For video decompression, the highest data bandwidth requirement is internal to the 
split register file 216. Data transfers between the geometry decompressor 104 and the 
split register file 216 and data transfers between various registers of the split register 
file 216 can be wide and run at processor speed, advantageously delivering a large 
bandwidth. In addition, the split register file 216 can be multiported which further 
increases total bandwidth. 

The register file 216 is a focal point for attaining the very large bandwidth of 
the processor 100. The processor 100 transfers data using a plurality of data transfer 
techniques. In one example of a data transfer technique, cacheable data is loaded into 
the split register file 216 through normal load operations at a low rate of up to eight 
bytes per cycle.
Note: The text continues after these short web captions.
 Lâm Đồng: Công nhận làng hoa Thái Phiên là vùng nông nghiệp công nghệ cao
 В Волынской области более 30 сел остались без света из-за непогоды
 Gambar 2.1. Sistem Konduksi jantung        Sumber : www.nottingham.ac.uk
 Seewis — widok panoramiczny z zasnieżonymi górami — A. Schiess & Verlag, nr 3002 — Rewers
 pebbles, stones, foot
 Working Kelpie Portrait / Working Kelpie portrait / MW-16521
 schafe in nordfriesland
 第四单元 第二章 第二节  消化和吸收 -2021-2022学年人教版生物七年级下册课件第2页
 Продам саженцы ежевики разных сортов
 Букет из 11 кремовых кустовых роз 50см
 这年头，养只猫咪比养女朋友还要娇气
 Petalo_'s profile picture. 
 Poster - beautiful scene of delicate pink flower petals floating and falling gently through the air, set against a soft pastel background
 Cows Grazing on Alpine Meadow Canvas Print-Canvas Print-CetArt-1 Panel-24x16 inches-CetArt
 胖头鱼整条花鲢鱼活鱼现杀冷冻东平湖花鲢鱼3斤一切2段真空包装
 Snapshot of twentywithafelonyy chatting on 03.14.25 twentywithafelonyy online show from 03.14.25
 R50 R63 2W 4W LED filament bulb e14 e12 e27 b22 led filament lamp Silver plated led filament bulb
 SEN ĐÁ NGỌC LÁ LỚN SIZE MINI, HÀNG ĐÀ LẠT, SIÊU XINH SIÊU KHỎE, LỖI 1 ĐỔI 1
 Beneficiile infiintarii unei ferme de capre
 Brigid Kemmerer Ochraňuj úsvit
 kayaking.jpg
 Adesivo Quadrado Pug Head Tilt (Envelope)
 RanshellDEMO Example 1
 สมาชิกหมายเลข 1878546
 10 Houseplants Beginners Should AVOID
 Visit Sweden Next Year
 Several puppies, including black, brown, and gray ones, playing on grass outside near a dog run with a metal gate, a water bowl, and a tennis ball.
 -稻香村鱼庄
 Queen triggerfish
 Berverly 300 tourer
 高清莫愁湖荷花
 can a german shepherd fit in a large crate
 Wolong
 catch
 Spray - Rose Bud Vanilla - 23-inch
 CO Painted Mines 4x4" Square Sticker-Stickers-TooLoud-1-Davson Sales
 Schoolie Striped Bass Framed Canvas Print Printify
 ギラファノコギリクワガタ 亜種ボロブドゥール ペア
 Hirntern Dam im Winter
In another example, streaming data is transferred to the split register 
file 216 through group load operations which transfer thirty-two bytes from memory 
directly into eight consecutive 32-bit registers. For example, the processor 100 
utilizes the streaming data operation to receive compressed video data for 
decompression. 

Compressed graphics data is received via a direct memory access (DMA) unit 
in the geometry decompressor 104. The compressed graphics data is decompressed 
by the geometry decompressor 104 and loaded at a high bandwidth rate into the split 
register file 216 via group load operations that are mapped to the geometry 
decompressor 104. 

Load operations are non-blocking and scoreboarded so that a long latency 
inherent to loads can be hidden by early scheduling. 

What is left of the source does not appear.